CONCORD, N.H. (AP) — A proposal to increase tolls for the first time in a decade in New Hampshire appears dead after Republican Gov. Chris Sununu said Thursday he wouldn't let it proceed.

The Republican governor said that he's long been opposed to toll increases and hadn't changed his mind after hearing from the public and Executive Council members. His position was an about-face to what he said Wednesday when he told reporters he would let the proposal onto the Executive Council agenda.

"I was sent to Concord to fight for the working men and women of New Hampshire, and that is what I am doing," Sununu said in a news release.

The Department of Transportation is seeking to increase toll rates by 50 percent in March to bring in an additional $36 million a year for major turnpike projects. It said that many of the toll-payers are out-of-state drivers. A 10-year plan that includes scores of project that depend on the hike was approved Wednesday by a transportation commission.
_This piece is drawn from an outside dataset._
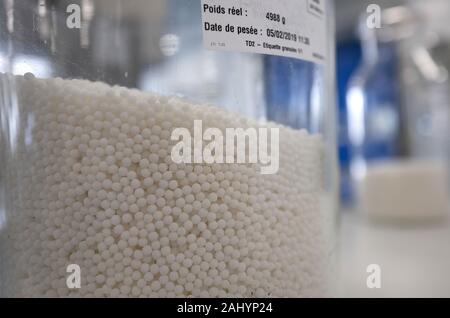 Messimy Central Eastern France 19 02 05 Boiron Factory Boiron Laboratory Technicians Preparing Solutions Used To Make Homeopathic Preparations Stock Photo Alamy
Among the projects that would benefit would be several improvements along Interstate 93. They include interchange improvements and widening the highway in certain places.

In several public hearings, the increase got mixed reviews. Supporters including many municipal officials said the money would pay for much-need upgrades to roads and bridges that would improve safety. Opponents called the increase a tax and said it was an unnecessary expense that could hurt some transportation businesses in the state.

Republican leaders in the Senate and House praised Sununu's decision, adding they expected to debate the 10-year transportation plan during the upcoming legislative session. They also said the toll hike proposal was rushed and that legislators needed to prioritize what projects can be done with existing funds.